Venemo / node-lmdb

Node.js binding for lmdb
MIT License
361 stars 72 forks source link

Cursor is leaking memory #31

Closed joernroeder closed 8 years ago

joernroeder commented 10 years ago

Hey, I've discovered a memory leak in the lmdb.Cursor and updated the cursor example to reproduce the leak outside of my application. After that I've used Instruments Memory-Leak Template and attached it to the running node process to digg a bit deeper and saw the obvious and continuously growing amount of CustomExternalStringResource … I hope the following screenshots can help to fix this leak and make this lmdb module ready for long term and heavy usage execution.

cheers

screen shot 2014-08-18 at 4 36 13 am

screen shot 2014-08-18 at 4 37 03 am

Venemo commented 10 years ago

Hi,

Thanks for reporting this! It is an interesting issue, because it's not as simple as it seems.

What does this mean?

The issue might be simply with the V8 garbage collector not kicking in, but I'll look into it deeper to see what I can do. It may still very well be my fault.

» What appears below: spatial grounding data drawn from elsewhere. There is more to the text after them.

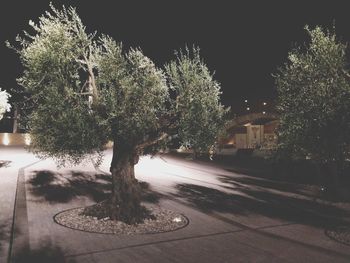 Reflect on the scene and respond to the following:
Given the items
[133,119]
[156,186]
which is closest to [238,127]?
[156,186]

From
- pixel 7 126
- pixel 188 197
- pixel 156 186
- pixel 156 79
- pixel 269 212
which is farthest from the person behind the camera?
pixel 7 126

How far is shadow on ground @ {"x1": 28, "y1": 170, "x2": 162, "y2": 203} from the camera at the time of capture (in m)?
17.0

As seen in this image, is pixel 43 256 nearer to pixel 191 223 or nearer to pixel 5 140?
pixel 191 223

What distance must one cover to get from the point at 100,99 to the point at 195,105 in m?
3.15

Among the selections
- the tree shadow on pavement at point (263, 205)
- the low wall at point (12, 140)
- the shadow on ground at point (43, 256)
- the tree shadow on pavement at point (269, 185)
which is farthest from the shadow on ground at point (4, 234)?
the low wall at point (12, 140)

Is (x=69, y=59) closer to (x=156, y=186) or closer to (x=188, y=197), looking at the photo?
(x=188, y=197)

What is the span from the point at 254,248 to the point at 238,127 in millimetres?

Venemo commented 10 years ago

After a quick look at your code, it appears that txn.put is much more likely to leak than the cursor operations you do. When you don't use cursors, just transactions, does the leak still happen?

joernroeder commented 10 years ago

I will create another test case without the cursor. But during my digging through the source and playing around I've used txn.putString to fill up the database to it's limit. After that I've used the cursor to interate over the database and my allocations started to grow. Therefore (and because of the stack in the second screenshot -> CursorWrap::getCommon) I currently think the cursor is leaking …

The following screenshot shows two iterations of the following test case:

  1. add items to the db
  2. iterate over all items (using the cursor)
  3. close db
  4. remove data.mdb and restart

screen shot 2014-08-18 at 1 45 46 am

The CustomExternalStringResource allocations are marked in red…

Venemo commented 10 years ago

I see. Okay, I accept, the cursor might be doing something bad. My guess (but this is just a guess) is that there's something in there that prevents V8's GC from collecting the string resources (and/or the cursor instance itself).

russtee commented 8 years ago

Hello there,

I'm getting this too. Was happening on node v0.10.29 with an old version of the lib and so we've ported everything to v5.6.0 with the latest lib and it's still there.

On a 4G VM with a tight loop and db of around 30M keys I can exhaust the machines memory in around 30s.

Just iterating the cursor is enough.

Here's a code snippet:

var txn = e.beginTxn({readOnly: true});
var cursor = new nodelmdb.Cursor(txn,db);
for (var c = cursor.goToFirst(); c; c=cursor.goToNext()) {
    if (0 === done++ % LOG_EVERY) {
        log.info("LOOP: done="+done+", c="+c);
    }
    continue;

Any help would be much appreciated as we've just moved everything to node-lmdb because of the support for synchronous get/put/del as well as sub dirs and now we're stuck.

Thanks in advance Russ

russtee commented 8 years ago

Some experimental results.

I had an idea that the tight sync loop could be stopping the node garbage collector from running.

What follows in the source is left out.